Back in April the furious reaction of the teachers and left wing groups were impressive. Supporting the teachers were the two top unions in the country, many political groups and the “Piqueteros duros”, tough young men and women (many unemployed) who obscure their faces with scarves. Similar marches and reactions were seen across the country. The protests continued in the province of Neuquen for two months until the 28th of April when the teachers finally reached an agreement on salary.
Carlos Fuentealba, the deceased 41-year-old teacher and left wing activist, was reticent to go out to protest that day. He confessed same to a friend that same morning before he made the fatal decided to proceed to the road blockage where he was to die, shot by a sadistic provincial policeman. The policeman fired the tear gas canister at point blank range at Carlos’ head while the teacher sat in a car, a Fiat 147. The same policeman was recently sentenced to two years in jail for torturing a prisoner in jail but was never incarcerated for that crime.
Neuquen, the Argentine Southwestern Patagonian province famous to tourists for the lake district and Bariloche ski resorts, remains in the hands of the right-wing hard-liner Jorge Sobisch. Governor Sobisch is politically aligned with powerful politician Mauricio Macri, although Macri dissociated himself from the Neuquen governor. Macri in turn is facing stiff competition in the mayoral race for the Argentine Federal Capital, Buenos Aires (number two political job in the country) from the current mayor Telermann and Kirchner backed, Filmus.
Mr. Macriin turn is heir to an industrial fortune, which grew from seven to forty seven companies during the notorious ?76-?83 dictatorship.
The situation in Neuquen is relatively calm. Sobisch belatedly offered the teachers their money. The teachers initially refused, continuing to push for his renunciation. Sobisch came out with a statement that he regretted the death of the teacher and the death of two federal policemen in Buenos Aires. The two incidents were entirely unrelated as the policemen we shot in a robbery by thieves more than 1000Km away in an unrelated incident but it is indicative of the governor’s blindness to his complicity. Sobisch even fired a few minor members of his government in an effort to appease the teachers but that reaction was not interpreted as adequate. He then sent his own government officials to open schools and escort groups of women to “protest” at their continued closure, this backfired as most press outlets noted their presence in their articles thereby nullifying the propaganda effect of the staged protests. Finally Sobisch tried to open the schools using scab teachers but that failed too. The current latin American edition of the international political magazine, Le Monde doiplomatique, came out with a photo of a protest march with a poster of Fuentealba on the front page.

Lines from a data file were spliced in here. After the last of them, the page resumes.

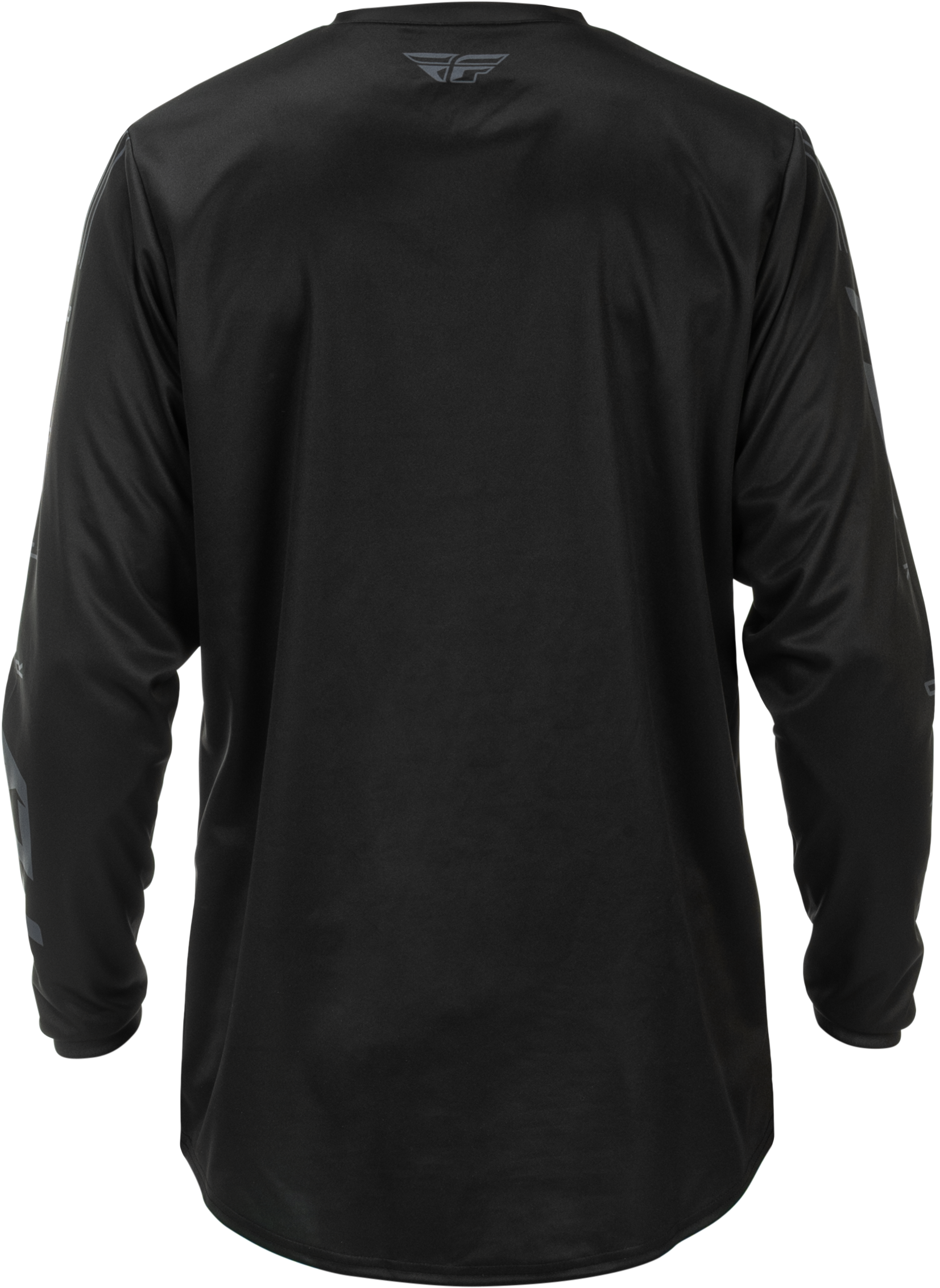 Universal Jersey Black/White Xl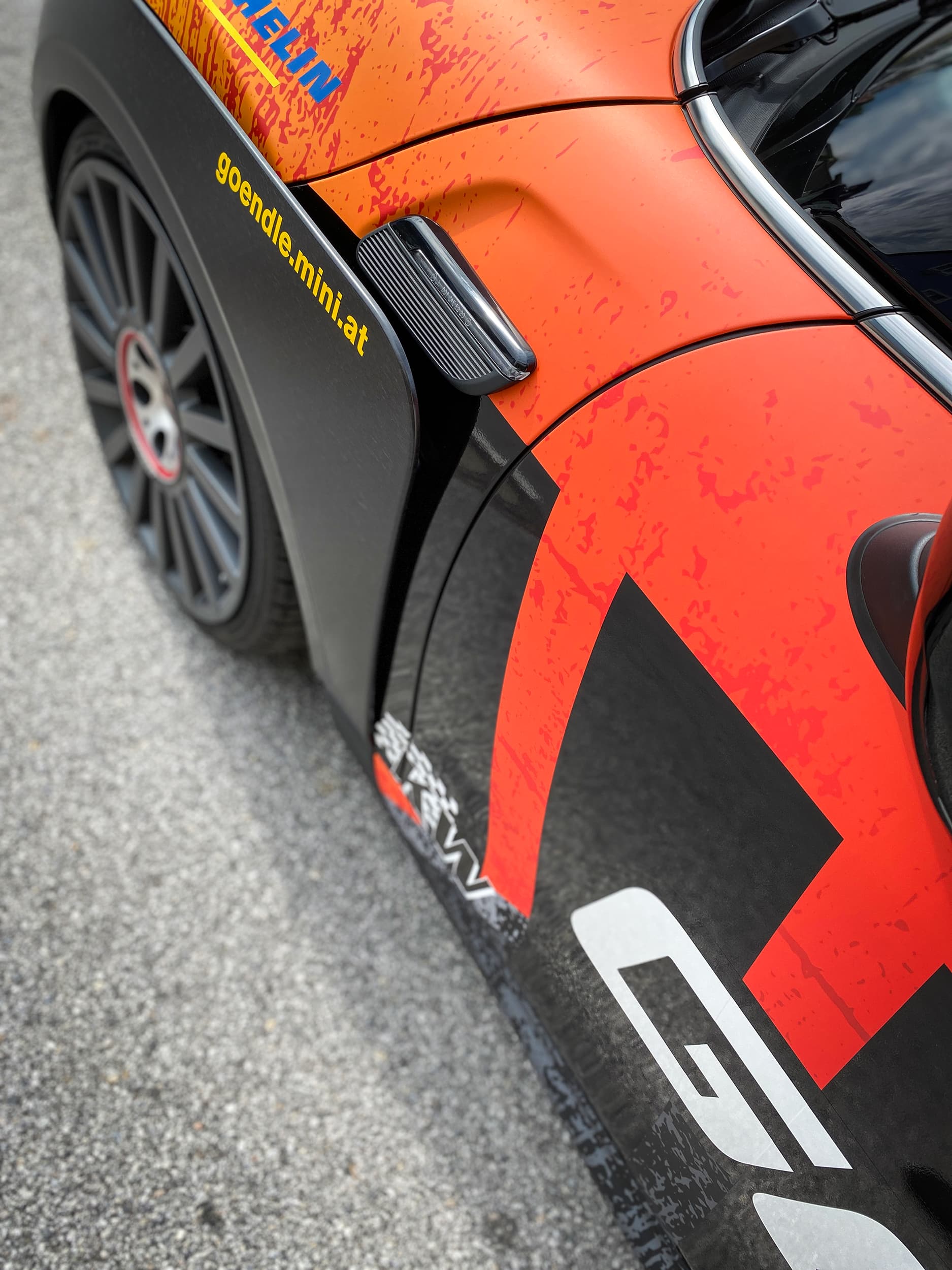 MINI John Cooper Works – Autohaus Göndle – Bild 8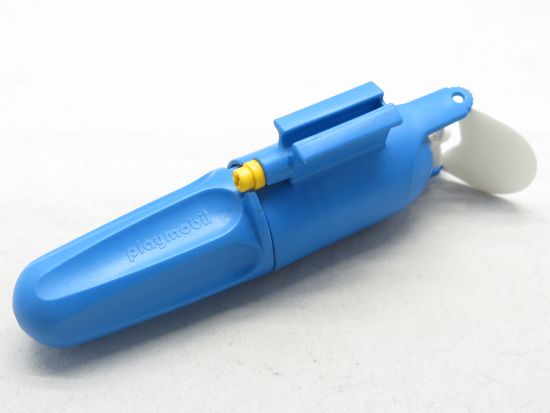 Unterwassermotor Unterwassermotor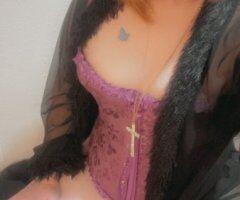 Sabrina in Wichita, KS — Female Escort - Image 7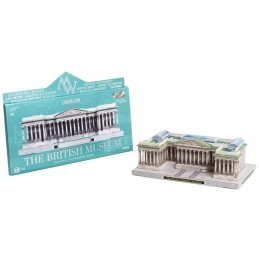 P. 3D MUSEO BRITANICO,...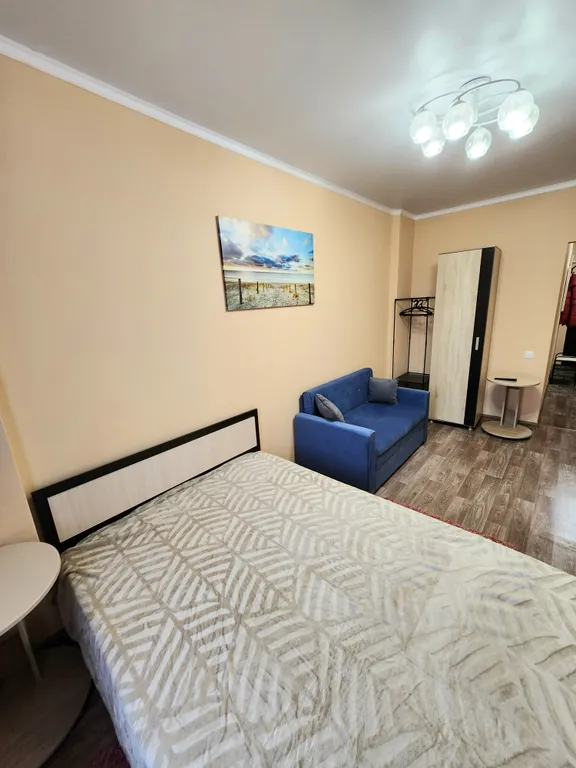 Квартира в центре Северного — аренда посуточно в Ростов-на-Дону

The province having been described by some commentators as being in a state of revolution, however subdued. The parallels with Oaxaca of last year are hardly coincidental. Governor Sobisch should have stood down but this seems increasingly unlikely unless he puts his foot in it again. The national government refused to take a stand. It seems he will remain in power until the next elections but it seems unlikely his bid for presidency will go much further.